A review by ksander
Leviathan Wakes by James S.A. Corey

5.0

This is one of those times when an automated recommendation turns out to be on point and you're glad you followed it. I happened to stumble across the title about the same time promos were running for the SYFY channel's TV series it inspired; the commercials looked good, the description looked good, so I gave it a shot. What I found was an intricately built setting, a detailed and captivating plot, and a compelling main character.

Set in humanity's future, where we've colonized the solar system but not yet figured out how to travel to the stars (at least not fast enough to fit in a feature film or TV episode...), it offers a grittier and more dystopian view than Roddenberry. Earth and Mars are both military superpowers, in a somewhat uneasy and fragile coexistence. Parts of the asteroid belt and some of the moons of the outer planets have been colonized, mainly for their resources (or their transshipment), and have been long enough for noticeable and linguistic physical differences to manifest. Yet existence out there is more tenuous, and there is growing resentment of the inner planets' perceived exploitation.

First, my only REAL gripe. While both the main characters are well-developed, one of them - a detective - struck me as an incongruously anachronistic stereotype. In an interview, the authors ("James SA Corey" is a pen name for a two-writer collaboration) describe him as "noir," and that's not inaccurate, but I wonder if there wasn't a way to write a "noir" style detective in the 24th century without him coming off so much like a 1930s comic book detective. As one of the two points of view for the story, he does his job and moves the action around, and he even engenders a bit of sympathy, but I could never really buy all the way in.

The other main character, however - the man whose discovery thrusts him into the middle of a vast and potentially catastrophic conspiracy - was brilliantly done. In contrast to Roddenberry's larger-than-life Kirk, Holden is an everyman... and a somewhat broken everyman. He'd been unceremoniously booted out of the (space) navy years before, and had been grinding out a living hauling cargo. He never quite seems sure of himself, and often looks to his subordinates for ideas of what to do, or their approval of whatever it was he'd decided (even if sometimes what he's decided turns out to be recklessly naive). Yet he somehow manages to rise to the occasion when he needs to.
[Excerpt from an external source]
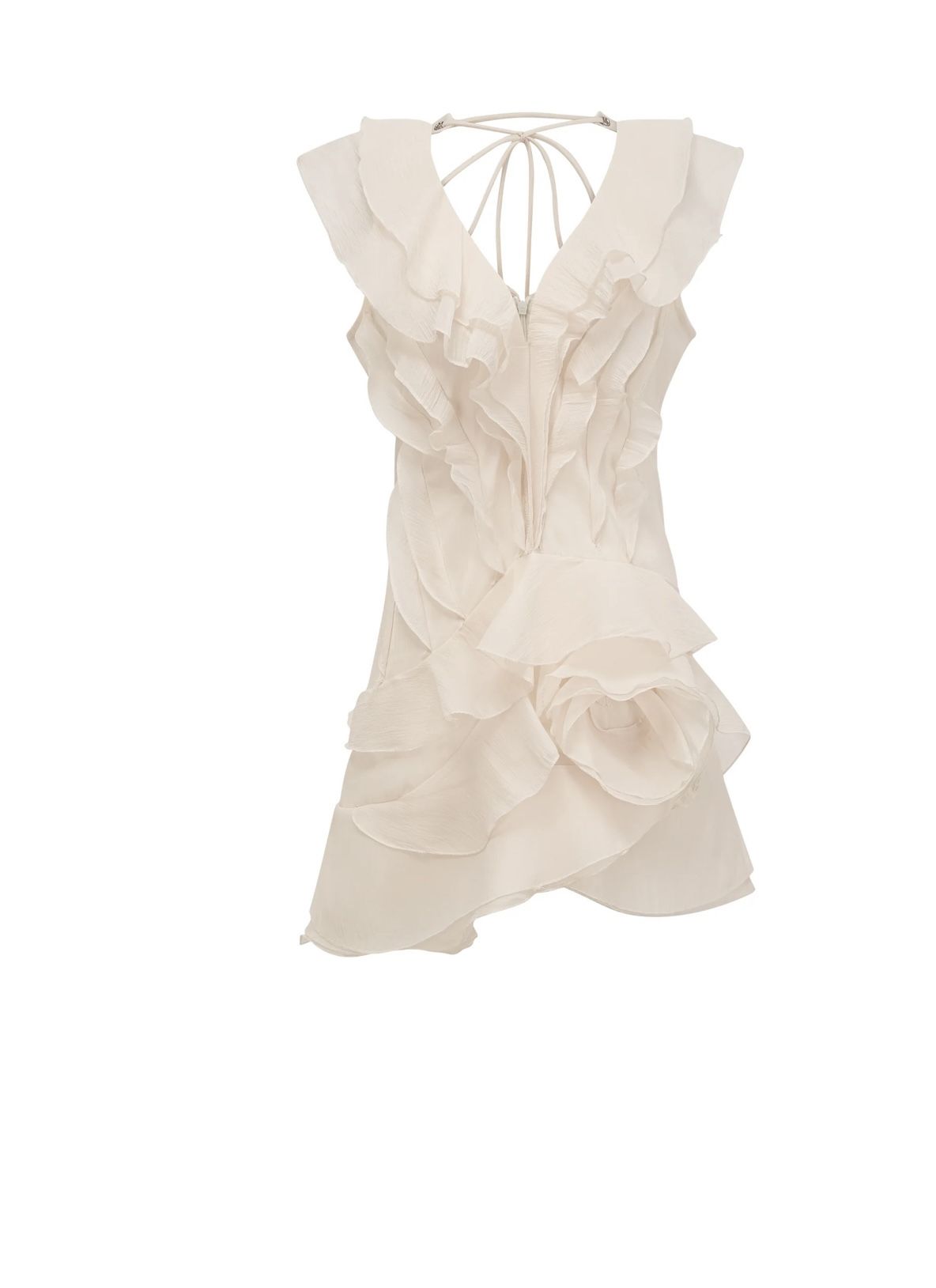 Hélène faux-flower layered ruffled mini dress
His flaws and insecurities make you want to root for him, and his triumphs make you happy for him (though, since the book is a series, much like watching the first installment of a movie you know is going to be a trilogy, you're pretty sure he'll squeak through somehow...).

As the opening offer in a series of novels, novellas, and short stories, it's certainly done its job - I intend to check out more... and eventually get around to watching the TV series, too.